* TASK TO CARRY OUT *
Your job is to give again, exactly and with no additions, the lines in the records below from the one with "A well-lit bedroom" through the one with "Green mountains and hills on a cloudy day", both included. Omit the pictures.

* MATERIAL FOR THIS TASK *
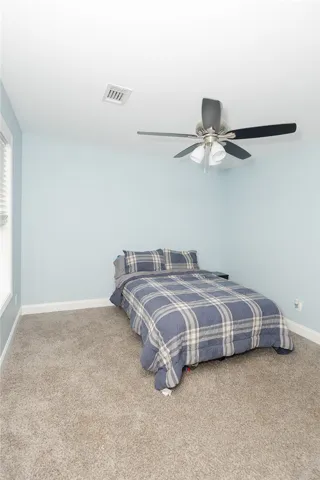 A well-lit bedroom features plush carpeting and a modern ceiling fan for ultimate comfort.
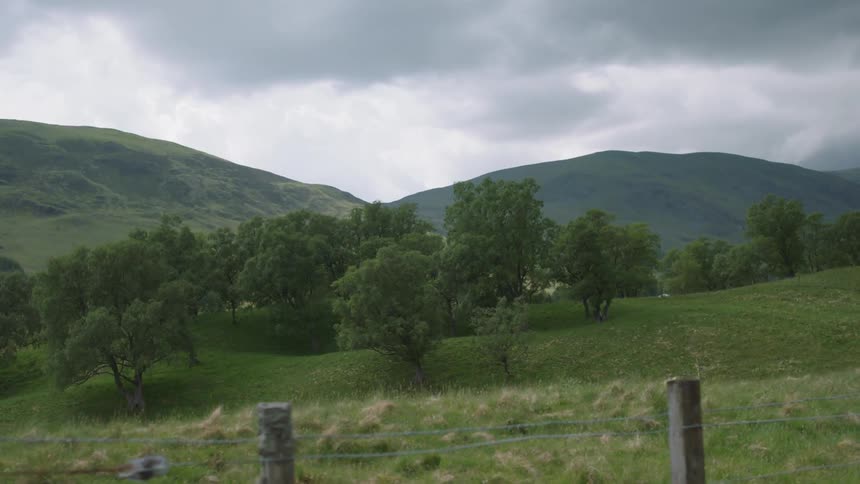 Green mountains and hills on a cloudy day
--
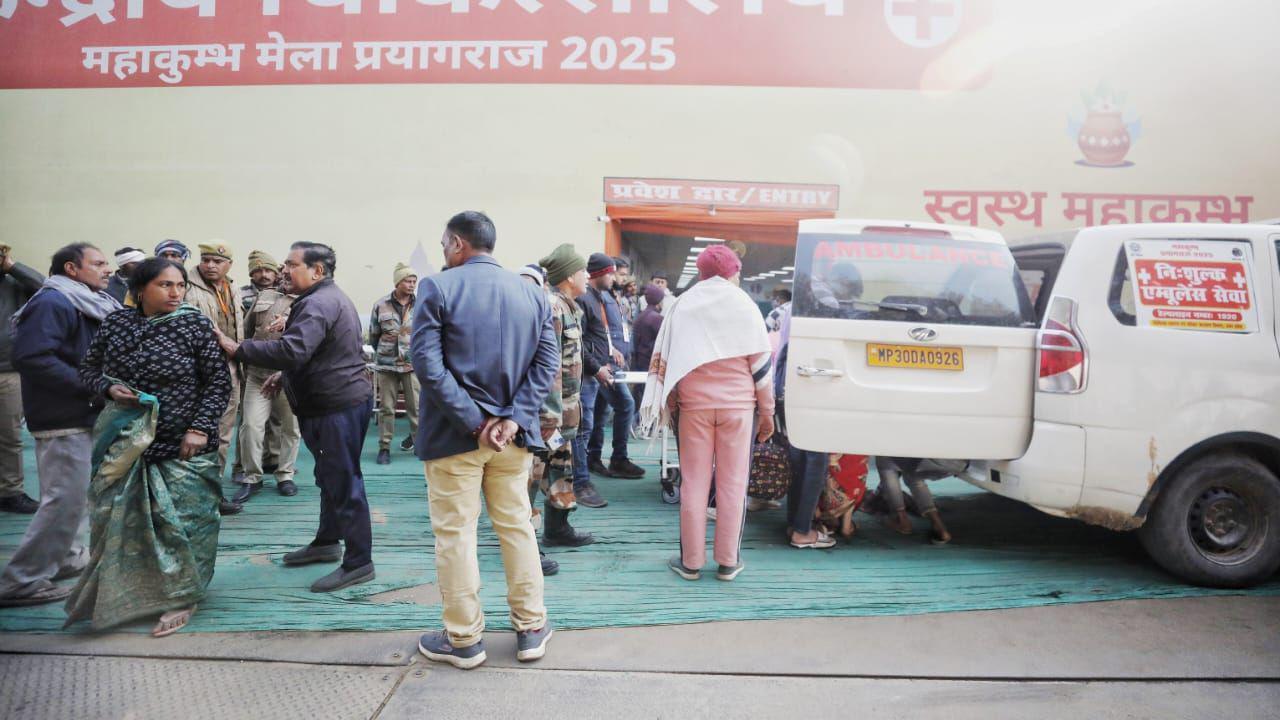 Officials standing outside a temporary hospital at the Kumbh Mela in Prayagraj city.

* RESULT OF THIS EXERCISE *
 A well-lit bedroom features plush carpeting and a modern ceiling fan for ultimate comfort.
 Green mountains and hills on a cloudy day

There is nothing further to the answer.